While in the care of her brother-in-law Jasper Tudor, on 28 January 1457, the Countess gave birth to a son, Henry Tudor, at Pembroke Castle. She was thirteen years old at the time and not yet physically mature, so the birth was extremely difficult. In a sermon delivered after her death, Margaret’s confessor, John Fisher, deemed it a miracle that a baby could be born “of so little a personage”. Her son’s birth may have done permanent physical injury to Margaret; despite two later marriages, she never had another child. Years later, she enumerated a set of proper procedures concerning the delivery of potential heirs, perhaps informed by the difficulty of her own experience.

Shortly after her re-entry into society after the birth, Jasper helped arrange another marriage for her to ensure her son’s security. She married Sir Henry Stafford (c. 1425–1471), the second son of Humphrey Stafford, 1st Duke of Buckingham, on 3 January 1458, at the age of fourteen. A dispensation for the marriage was necessary because Margaret and Stafford were second cousins; it was granted on 6 April 1457.

They enjoyed a fairly long and harmonious marital relationship and were given Woking Palace, to which Margaret sometimes retreated and which she restored. Margaret and her husband were given 400 marks’ worth of land by Buckingham, but her own estates were still their main source of income. For a time the Staffords were able to visit Margaret’s son, who had been entrusted to Jasper Tudor’s care at Pembroke Castle in Wales.
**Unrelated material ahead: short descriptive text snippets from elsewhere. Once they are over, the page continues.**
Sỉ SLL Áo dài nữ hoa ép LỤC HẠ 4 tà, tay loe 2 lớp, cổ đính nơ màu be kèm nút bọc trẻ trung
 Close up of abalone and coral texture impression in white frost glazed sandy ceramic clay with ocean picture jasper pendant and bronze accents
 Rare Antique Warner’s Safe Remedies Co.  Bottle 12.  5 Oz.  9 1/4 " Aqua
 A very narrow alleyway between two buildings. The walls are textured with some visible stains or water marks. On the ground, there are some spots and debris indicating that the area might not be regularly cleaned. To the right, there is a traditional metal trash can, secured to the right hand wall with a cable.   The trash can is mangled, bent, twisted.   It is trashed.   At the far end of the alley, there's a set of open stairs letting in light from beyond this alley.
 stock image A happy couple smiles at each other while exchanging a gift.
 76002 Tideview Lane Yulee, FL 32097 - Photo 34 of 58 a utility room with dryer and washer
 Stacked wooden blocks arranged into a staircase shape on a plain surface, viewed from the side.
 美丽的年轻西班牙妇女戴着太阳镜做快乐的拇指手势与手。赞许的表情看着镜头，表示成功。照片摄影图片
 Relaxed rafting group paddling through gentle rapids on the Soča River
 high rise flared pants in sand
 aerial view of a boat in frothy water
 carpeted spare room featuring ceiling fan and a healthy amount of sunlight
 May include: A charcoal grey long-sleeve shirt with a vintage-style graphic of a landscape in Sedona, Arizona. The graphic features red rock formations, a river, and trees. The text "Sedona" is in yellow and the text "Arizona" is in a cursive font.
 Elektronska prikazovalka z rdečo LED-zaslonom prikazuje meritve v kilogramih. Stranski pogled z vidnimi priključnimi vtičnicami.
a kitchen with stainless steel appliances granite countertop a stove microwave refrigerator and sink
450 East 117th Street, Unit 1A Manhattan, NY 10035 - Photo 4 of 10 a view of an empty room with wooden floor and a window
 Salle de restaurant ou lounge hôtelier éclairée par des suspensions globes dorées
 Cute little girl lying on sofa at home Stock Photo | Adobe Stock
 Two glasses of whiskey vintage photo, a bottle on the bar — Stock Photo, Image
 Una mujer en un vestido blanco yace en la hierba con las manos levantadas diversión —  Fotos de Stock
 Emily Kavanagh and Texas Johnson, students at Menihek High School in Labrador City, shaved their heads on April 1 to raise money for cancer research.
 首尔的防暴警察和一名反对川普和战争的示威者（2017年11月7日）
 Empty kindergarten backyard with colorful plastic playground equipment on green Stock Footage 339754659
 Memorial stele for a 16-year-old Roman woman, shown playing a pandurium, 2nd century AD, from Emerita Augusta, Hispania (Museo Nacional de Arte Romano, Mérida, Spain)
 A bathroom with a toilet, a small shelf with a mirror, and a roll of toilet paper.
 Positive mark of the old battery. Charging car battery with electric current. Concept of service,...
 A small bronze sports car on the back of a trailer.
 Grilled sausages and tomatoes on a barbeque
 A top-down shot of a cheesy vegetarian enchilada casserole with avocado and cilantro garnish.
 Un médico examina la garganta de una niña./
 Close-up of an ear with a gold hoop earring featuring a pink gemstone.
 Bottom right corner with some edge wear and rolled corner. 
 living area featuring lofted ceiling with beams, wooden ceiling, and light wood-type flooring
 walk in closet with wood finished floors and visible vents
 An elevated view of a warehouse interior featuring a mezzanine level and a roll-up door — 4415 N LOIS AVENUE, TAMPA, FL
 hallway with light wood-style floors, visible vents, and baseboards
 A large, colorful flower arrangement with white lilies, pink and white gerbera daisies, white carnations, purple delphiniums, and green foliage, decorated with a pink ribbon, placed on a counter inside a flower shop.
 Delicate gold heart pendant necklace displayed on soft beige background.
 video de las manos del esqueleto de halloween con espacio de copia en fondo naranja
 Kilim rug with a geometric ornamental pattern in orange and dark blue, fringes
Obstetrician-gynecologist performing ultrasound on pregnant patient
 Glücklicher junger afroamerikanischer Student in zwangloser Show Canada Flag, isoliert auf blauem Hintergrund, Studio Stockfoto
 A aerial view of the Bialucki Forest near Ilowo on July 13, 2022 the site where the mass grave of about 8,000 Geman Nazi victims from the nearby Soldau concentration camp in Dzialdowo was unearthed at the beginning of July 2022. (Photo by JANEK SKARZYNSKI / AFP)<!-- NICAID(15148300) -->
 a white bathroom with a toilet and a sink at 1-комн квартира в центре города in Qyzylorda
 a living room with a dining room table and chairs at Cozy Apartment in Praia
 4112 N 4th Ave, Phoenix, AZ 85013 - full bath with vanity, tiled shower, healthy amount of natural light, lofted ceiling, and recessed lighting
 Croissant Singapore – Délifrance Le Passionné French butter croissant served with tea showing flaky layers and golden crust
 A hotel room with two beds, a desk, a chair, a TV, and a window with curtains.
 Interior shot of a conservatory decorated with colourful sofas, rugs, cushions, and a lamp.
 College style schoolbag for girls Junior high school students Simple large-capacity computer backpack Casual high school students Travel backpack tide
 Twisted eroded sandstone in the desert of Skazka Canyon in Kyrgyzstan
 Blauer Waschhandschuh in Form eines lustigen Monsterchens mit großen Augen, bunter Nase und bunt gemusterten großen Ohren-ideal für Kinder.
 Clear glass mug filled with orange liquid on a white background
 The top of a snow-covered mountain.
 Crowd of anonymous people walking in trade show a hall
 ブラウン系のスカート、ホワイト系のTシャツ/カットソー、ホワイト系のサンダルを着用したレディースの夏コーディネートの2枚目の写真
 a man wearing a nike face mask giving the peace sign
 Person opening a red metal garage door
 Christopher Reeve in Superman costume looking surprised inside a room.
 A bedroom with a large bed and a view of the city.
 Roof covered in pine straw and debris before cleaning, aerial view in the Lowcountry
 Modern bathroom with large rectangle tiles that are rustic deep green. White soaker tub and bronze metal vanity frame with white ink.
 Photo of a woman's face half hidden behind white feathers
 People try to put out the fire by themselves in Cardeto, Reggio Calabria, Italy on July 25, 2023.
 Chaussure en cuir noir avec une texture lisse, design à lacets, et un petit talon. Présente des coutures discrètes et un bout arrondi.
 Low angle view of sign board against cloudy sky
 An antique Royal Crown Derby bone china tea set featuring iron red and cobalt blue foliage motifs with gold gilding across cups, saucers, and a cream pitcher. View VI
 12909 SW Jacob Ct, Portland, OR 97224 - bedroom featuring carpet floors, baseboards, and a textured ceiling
Years of York forces fighting Lancastrian for power culminated in the Battle of Towton in 1461, where the Yorkists were victorious. Edward IV was King of England. The fighting had taken the life of Margaret’s father-in-law and forced Jasper Tudor to flee to Scotland and France to muster support for the Lancastrian cause. Edward IV gave the lands belonging to Margaret’s son to his own brother, the Duke of Clarence. Henry became the ward of Sir William Herbert. Again, Beaufort was allowed some visits to her son.

In 1469 the discontented Duke of Clarence and Earl of Warwick incited a rebellion against Edward IV, capturing him after a defeat of his forces. Beaufort used this opportunity to attempt to negotiate with Clarence, hoping to regain custody of her son and his holdings. Soon, however, Edward was back in power.

Warwick’s continued insurrection resulted in the brief reinstallation of the Lancastrian Henry VI in 1470–71, which was effectively ended with the Yorkist victory at the Battle of Barnet. Faced with York rule once again, Margaret allegedly begged Jasper Tudor, forced to flee abroad once more, to take thirteen-year-old Henry with him. It would be fourteen years before Beaufort saw her son again.

In 1471, Margaret’s husband, Lord Stafford, died of wounds suffered at the Battle of Barnet, fighting for the Yorkists. At 28 years old, Margaret became a widow again.

The Countess always respected the name and memory of Edmund as the father of her only child. In 1472, sixteen years after his death, Margaret specified in her will that she wanted to be buried alongside Edmund, even though she had enjoyed a long, stable and close relationship with her third husband.

In June 1472, Margaret married Thomas Stanley, the Lord High Constable and King of the Isle of Mann.

Their marriage was primarily one of convenience; marrying Stanley enabled Margaret to return to the court of Edward IV and Elizabeth Woodville. Indeed, Gristwood speculates Beaufort organized the marriage with the sole aim of rehabilitating her image and securing herself a prime position from which to advocate for her son. Evidently her efforts were successful; Margaret was chosen by Queen Elizabeth to be godmother to one of her daughters.

Holinshed, a Tudor chronicler, claims King Edward IV later proposed a marriage between Beaufort’s son and his own daughter, Elizabeth of York, intending to force Henry Tudor out of his safe haven on the continent.

Poet Bernard Andre seems to corroborate this, writing of Tudor’s miraculous escape from the clutches of Edward’s envoys, allegedly warned of the deception by none other than his mother.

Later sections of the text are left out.